Standalone revenue from operations stood at ₹668 crore in Q3 of this fiscal (₹725 crore). The company reported a loss before tax and exceptional items of ₹20 crore as against a profit before tax and exceptional items of ₹21 crore last year.

Segment-wise show

The operating performance of the sugar segment for Q3FY24 was lower compared with last year on account of a reduction in export volume due to restrictions imposed by the government, partially offset by the increase in domestic volume and realisation, said S Suresh, Managing Director.

Cane crushed for the quarter has been slightly lower than the year-ago period and the sugar recovery has marginally reduced due to prevailing climatic conditions, he added.

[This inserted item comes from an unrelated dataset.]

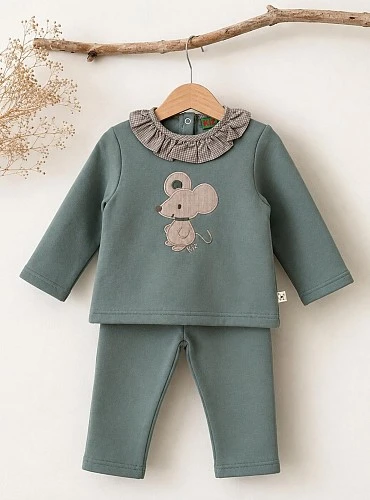 Chándal niña Ratoncito verde con volante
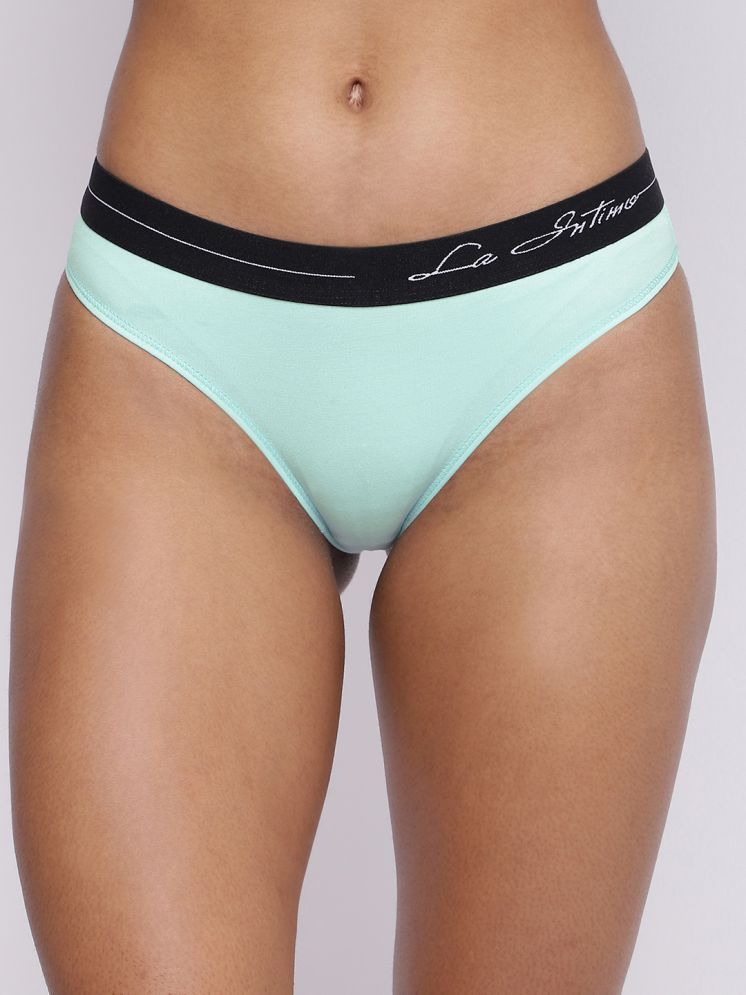     			La Intimo Pack of 1 Cotton Lycra Bikini For Women ( Sea Green )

However, distillery profitability in the quarter was better on account of the volume benefits flowing from expansion and better realisation. The full benefits of expansion have not flown in the quarter due to a change in government policy on syrup ethanol/B Heavy Ethanol.

The standalone nutraceuticals segment has registered a loss during the quarter on account of the continuing certification issues in Europe.

For the nine months of this fiscal, the company’s profit after tax dropped to ₹27 crore (₹114 crore). Revenue from operations stood at ₹2,092 crore (₹2,088 crore).

The company’s Board, at the meeting held on Tuesday, approved the reappointment of S Suresh as the Managing Director of the company from August 1, 2024, to April 15, 2026.